Dollar General and Dollar Tree have been among the fastest-growing retailers in terms of new store openings in recent years, profiting from many low-income areas, shrinking middle-class, and closures of competitors in the United States. Investors had driven up the stock prices of these two companies, believing that dollar stores would be immune to broader economic challenges, as customers flock to them to save money during tough times.

However, the tide has now turned. Dollar stores underestimated the economic hardships faced by Americans.

With over 20,000 stores primarily located in suburban towns, Dollar General stated last week that inflation, a weak job market, and rising borrowing costs have put pressure on low-income customers. The Tennessee-based company sells various food and household items at low prices, many of which are priced at $1. Their customers are often the first to feel the negative impacts or uncertainties of economic conditions and the last to feel the improvements, according to the company’s documents.

More than 60% of the company’s sales come from households with an annual income of less than $35,000.

Dollar General’s CEO Todd Vasos stated in an analyst conference call, “Inflation continues to impact these households negatively, with over 60% claiming they have had to make sacrifices in their purchases due to higher prices of essential goods.” He added that customers were also paying more for rent, utilities, and healthcare costs.

“They mostly feel that their economic situation is worse than six months ago, as rising prices, declining job levels, and higher borrowing costs have negatively impacted the confidence of low-income consumers,” he said.

With over 8,000 stores mainly targeting medium-income consumers in suburban markets, Dollar Tree also mentioned that its customers are facing pressures.

Other companies have recently noted the weakening purchasing power of low-income customers, including McDonald’s.

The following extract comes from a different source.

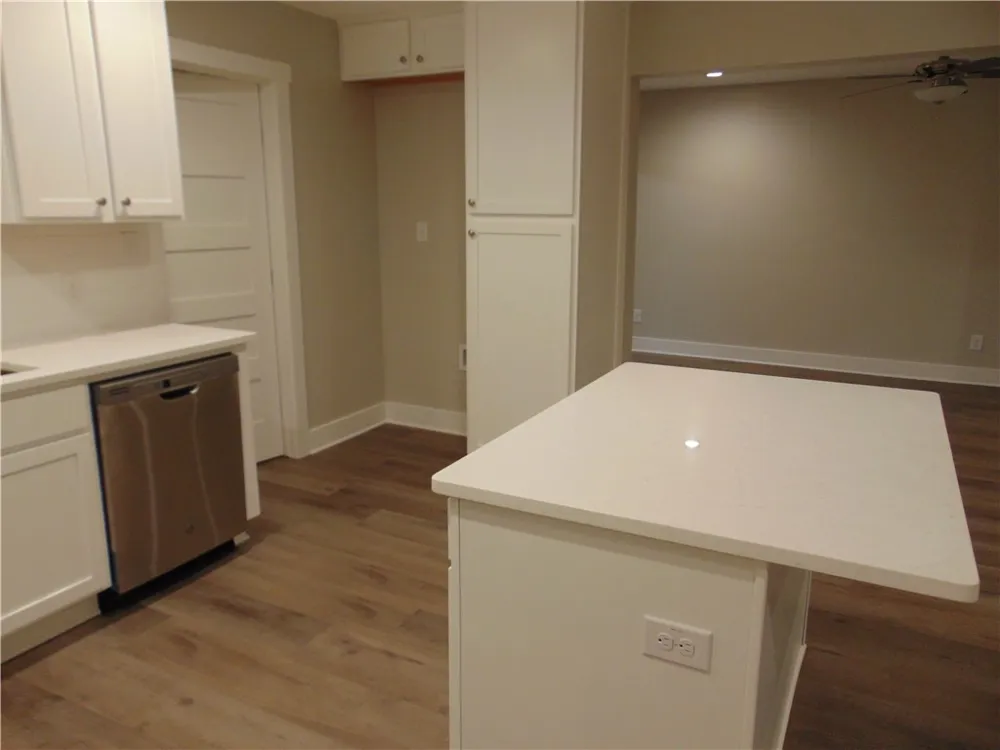 3904 Bailey Lane Austin, TX 78756
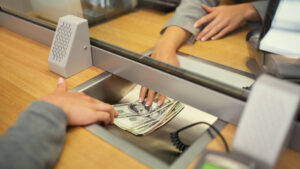 Perkembangan Indikator Stabilitas Nilai Rupiah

Economic challenges are not the only reasons these two chains are struggling, as reported by CNN. Both companies have made strategic errors.

Historically, the majority of Dollar General’s sales come from essential items, but in recent years, they focused on developing non-essential businesses. They added products like pillows, candles, home decorations, gift bags, and wrapping paper, which ended up forcing the company to discount prices to clear inventory.

Meanwhile, Dollar Tree has been under pressure due to its acquisition of Family Dollar.

In 2015, Dollar Tree spent $8.5 billion to acquire its rival chain Family Dollar, believing that the acquisition would help compete with larger companies. However, Dollar Tree misjudged this transaction.

Earlier this year, Dollar Tree announced the closure of over 900 Family Dollar stores.

Retail analyst Neil Saunders from GlobalData stated in a report to clients on Wednesday, “Dollar Tree has been ensnared in a series of issues with Family Dollar, and pulling out of this predicament won’t be easy.”

The largest retailer in the U.S., Walmart, and its competitor, Target, reported robust sales growth in the latest quarter. These large chain stores and others have lowered prices on certain goods to attract shoppers struggling with inflation, affecting the foot traffic at dollar stores.

Walmart has stated that it has grabbed market share from competitors.

Dollar General’s CEO Vasos admitted last week that Walmart has been successful in attracting shoppers seeking low prices from other chain stores. Walmart has seen rapid growth, with an increase in customers with annual incomes over $100,000 and an increase in market share. Slightly more affluent families are choosing to shop at Walmart to save money rather than Dollar General.